Goal of the exercise: Please transcribe the listing below in full and word for word, without its pictures.

Input data:
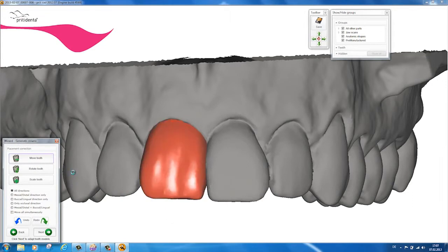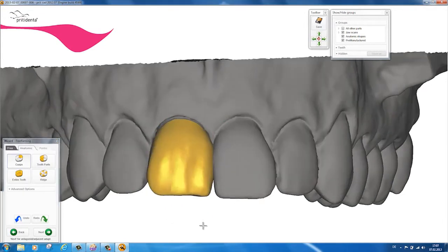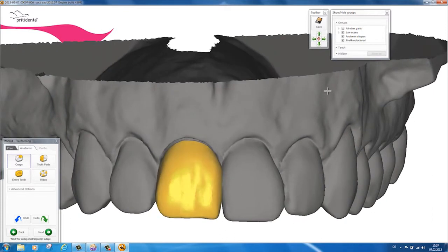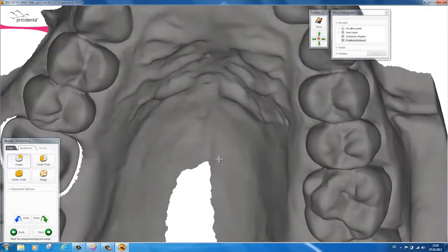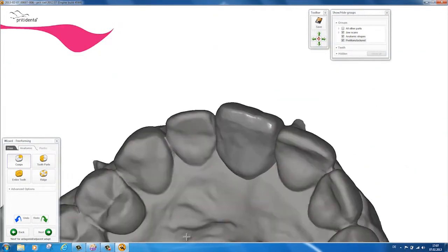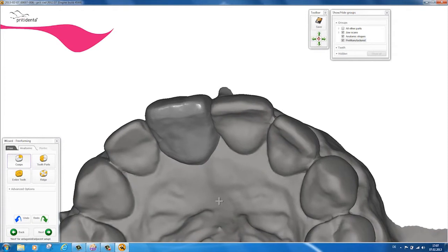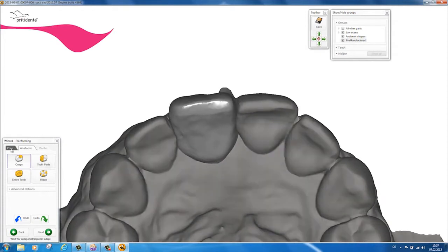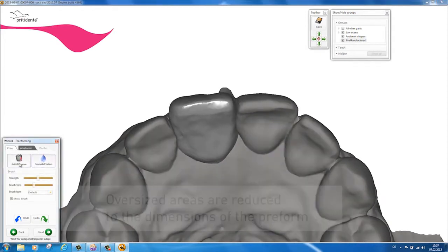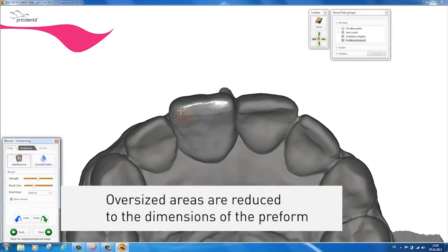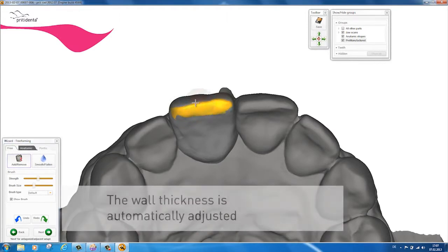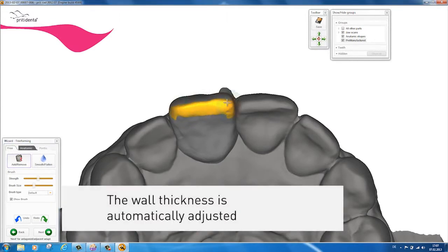You can use the Add tool to apply extra incisal material. Remember that yellow areas lie outside the working area of the prefab and will be calculated back down to the geometry that can be fabricated. The dimensions of any parts that are thinner than the recommended wall thicknesses will be automatically increased, provided there is room in the prefab.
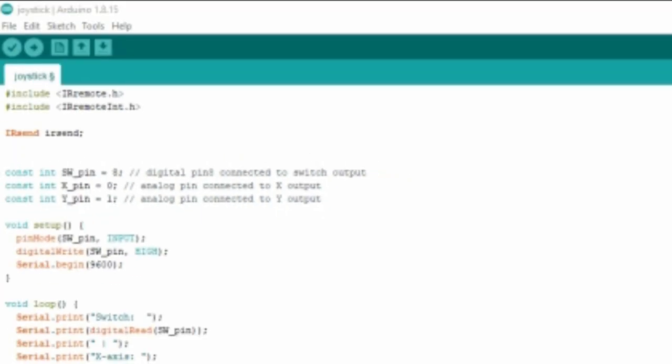This is the program for joystick remote. Using joystick, we can get 5 outputs. Front and back is X output, left and right is Y output, and also press button.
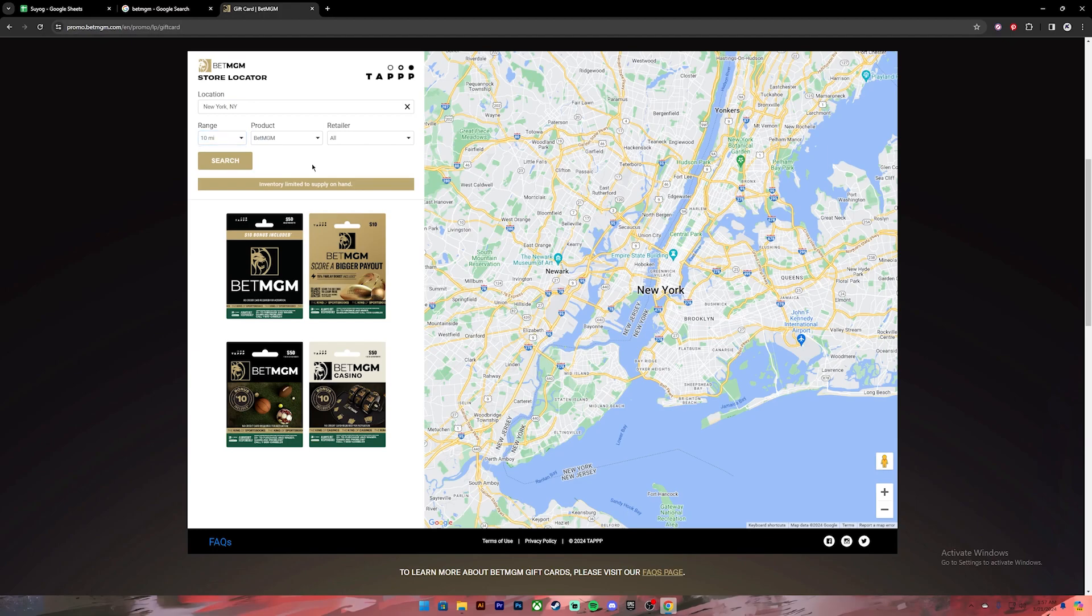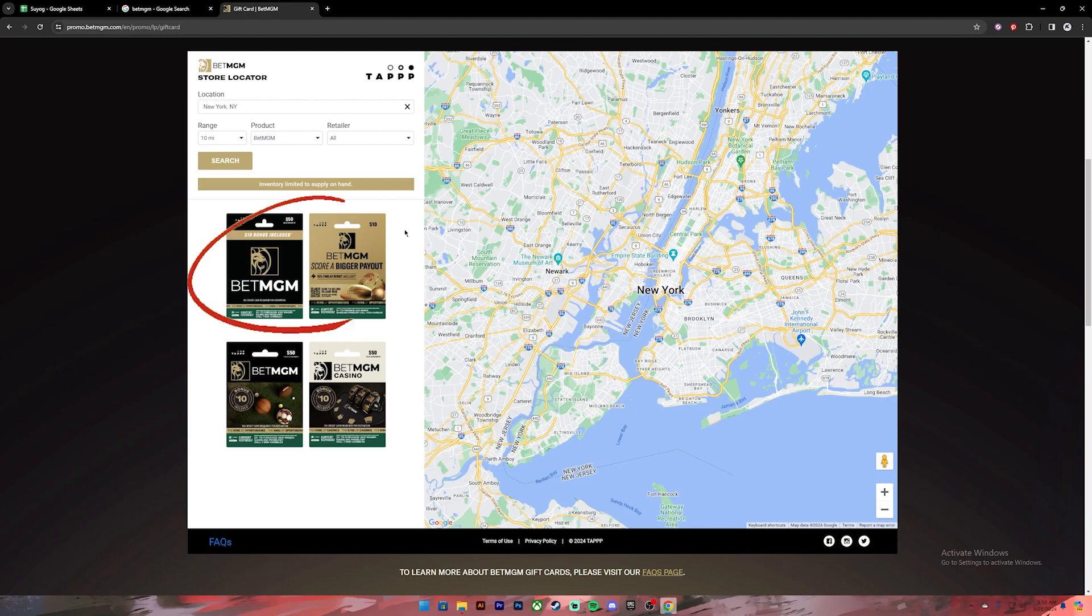Then it will show you the locations where you can find BetMGM gift cards. You can either contact the retailer or go to the store and buy it. You will get a gift card just as shown in these pictures.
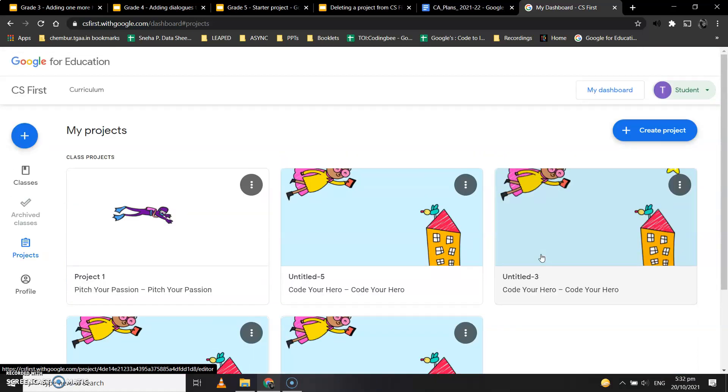You should only keep one project - your starter project - in your Projects menu. All the rest should be deleted.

Solution:
You can use the Add tool to apply extra incisal material. Remember that yellow areas lie outside the working area of the prefab and will be calculated back down to the geometry that can be fabricated. The dimensions of any parts that are thinner than the recommended wall thicknesses will be automatically increased, provided there is room in the prefab.
This is the program for joystick remote. Using joystick, we can get 5 outputs. Front and back is X output, left and right is Y output, and also press button.
Then it will show you the locations where you can find BetMGM gift cards. You can either contact the retailer or go to the store and buy it. You will get a gift card just as shown in these pictures.
You should only keep one project - your starter project - in your Projects menu. All the rest should be deleted.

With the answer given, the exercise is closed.